Let $z=2u/\pi L=u/\vartheta_3^2(0\vert\tau)$, so it follows from (9) and (14) that

\[{(1+\ell')u\over\vartheta_3^2(0\vert2\tau)}={2u(1+k)(1+\ell')\over\pi L}=2z.\]

Therefore, (16), (17), and (18) can be transformed into identities connecting $\vartheta_r(2z\vert2\tau)$ and $\vartheta_r(z\vert\tau)$. Instead of manipulating algebraic expressions, we can give direct proofs of these theta identities by appealing to Liouville's theorem. By matching the periodicity factors, we find that $\vartheta_3(z\vert\tau)\vartheta_4(z\vert\tau)/\vartheta_4(2z\vert2\tau)$ is an elliptic function without zeros, so it must be a constant. Combining this with (26) gives

\[{\vartheta_3(z\vert\tau)\vartheta_4(z\vert\tau)\over\vartheta_4(2z\vert2\tau)}={\vartheta_3(0\vert\tau)\vartheta_4(0\vert\tau)\over\vartheta_4(0\vert2\tau)}=\vartheta_4(0\vert2\tau).\tag{27}\]

For more Landen transformation identities of theta functions, consult DLMF.

Conclusion

In this article, we began our discussion of the transformation theory by making subtle substitutions inside elliptic integrals. By performing Weierstrass substitution, we obtained Jacobi's imaginary transformation. Using a geometric argument, we give a motivated proof of Landen's transformation.

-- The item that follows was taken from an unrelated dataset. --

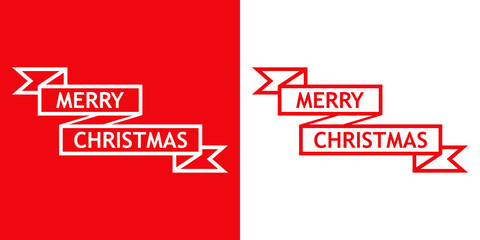 Banner con texto Merry Christmas en cinta con líneas en fondo rojo y fondo blanco para su uso en invitaciones y tarjetas de felicitación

After that, we examine the impact of these transformations on elliptic functions and theta functions.

After Landen's transformation, one is motivated to consider the general problem of determining algebraic relationship between $k$ and $\ell$ such that

\[{K'\over K}=p{L'\over L},\tag{28}\]

when $p>0$ is a rational number. Permuting the values of $k$ and $\ell$ results in replacing $p$ with $p^{-1}$ in (28), and when $p=p_1p_2$, (28) can be obtained by performing two transformations together. Thus, it is sufficient to investigate (28) when $p$ is a prime. In this case, the algebraic relation between $k$ and $\ell$ is called a modular equation.

The case where $p=2$ is solved by Landen's transformation. In Fundamenta Nova, Jacobi showed that (28) is possible for all odd prime $p$ and gave explicit expressions for $y(x)$, $k(\ell)$, and $M(k,\ell)$. For a detailed account of Jacobi's transformation theory, see Paramanand Singh's series on modular equations.

As demonstrated in this article, early approaches to transformations of elliptic functions involve heavy use of elementary algebra. Instead of delving further, we will develop a much more convenient analytic theory of transformations in the future articles using Weierstrass elliptic functions, which eventually became the theory of modular forms.